From Callot to Greuze: Discoveries and Attributions in Weimar
Pierre Rosenberg, L’Académie française, Paris

The Director Emeritus of the Louvre and the organizer of the Frick’s summer exhibition will discuss cataloguing and publishing the entire collection of Weimar’s seventeenth- and eighteenth-century French drawings, focusing on several discoveries and reattributions.


October 14, 2005

Memling and the Art of Portraiture
Till-Holger Borchert, Groeningemuseum, Bruges

The chief curator of the Groeningemuseum will provide an overview of the career of Hans Memling, the subject of the Frick’s fall special exhibition, Memling’s Portraits. Borchert, who edited the catalogue that accompanies the exhibition, will discuss patronage, the artist’s sitters, the function of portraiture, and the way in which Memling was influenced by earlier Netherlandish portraiture.


October 26, 2005

Memling’s Influence on Italian Portraiture from Leonardo to Raphael
Barbara G. Lane, Queens College and The Graduate Center of the City University of New York

This lecture will highlight a number of portraits by Memling that were in Italy during the late quattrocento, tracing their influence on Italian portraiture from the 1470s to the first decade of the sixteenth century.


November 16, 2005

Face to Face with Memling’s Portraits
Maryan W. Ainsworth, The Metropolitan Museum of Art, New York

Memling’s Portraits offers an unparalleled opportunity to reconsider this aspect of the artist’s oeuvre. The lecture will explore the working methods behind the extraordinary results that secured Memling’s reputation as Bruges’s most successful fifteenth-century portraitist.


November 30, 2005

Artists, Poets, and Writers Lecture Series
Henry James’s New York
Colm Tóibín, author

Henry James’s novel Washington Square, sections of his travel book The American Scene, and his memoir A Small Boy cover a crucial forty years in the history of New York City, 1865 to 1905. The speaker, winner of The Los Angeles Times 2004 Novel of the Year award, will discuss the city as well as James’s own sense of the development of American taste during this period.

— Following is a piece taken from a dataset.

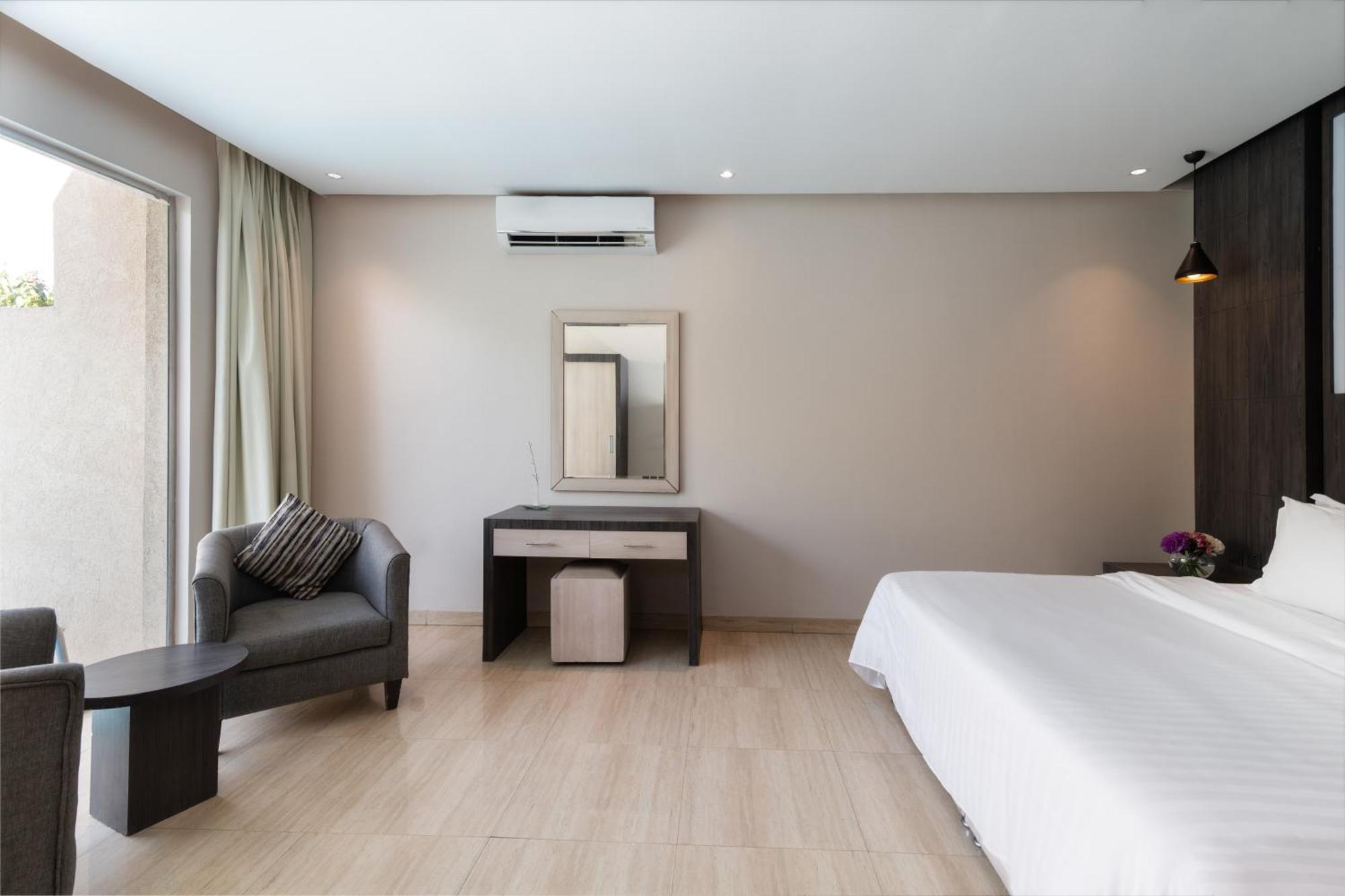 The Corner Hotel Resorts - Rijád Exteriér fotografie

The Artists, Poets, and Writers Lecture Series at The Frick Collection is made possible through the generous support of the Drue Heinz Trust.


December 7, 2005

Memling’s Italian Patrons
Paula Nuttall, Victoria and Albert Museum, London

Working in the cosmopolitan city of Bruges, Memling found a ready market for his art among the Italian mercantile community. This lecture will look at the varied commissions he produced for his Italian clients, including Tommaso Portinari, manager of the Medici Bank.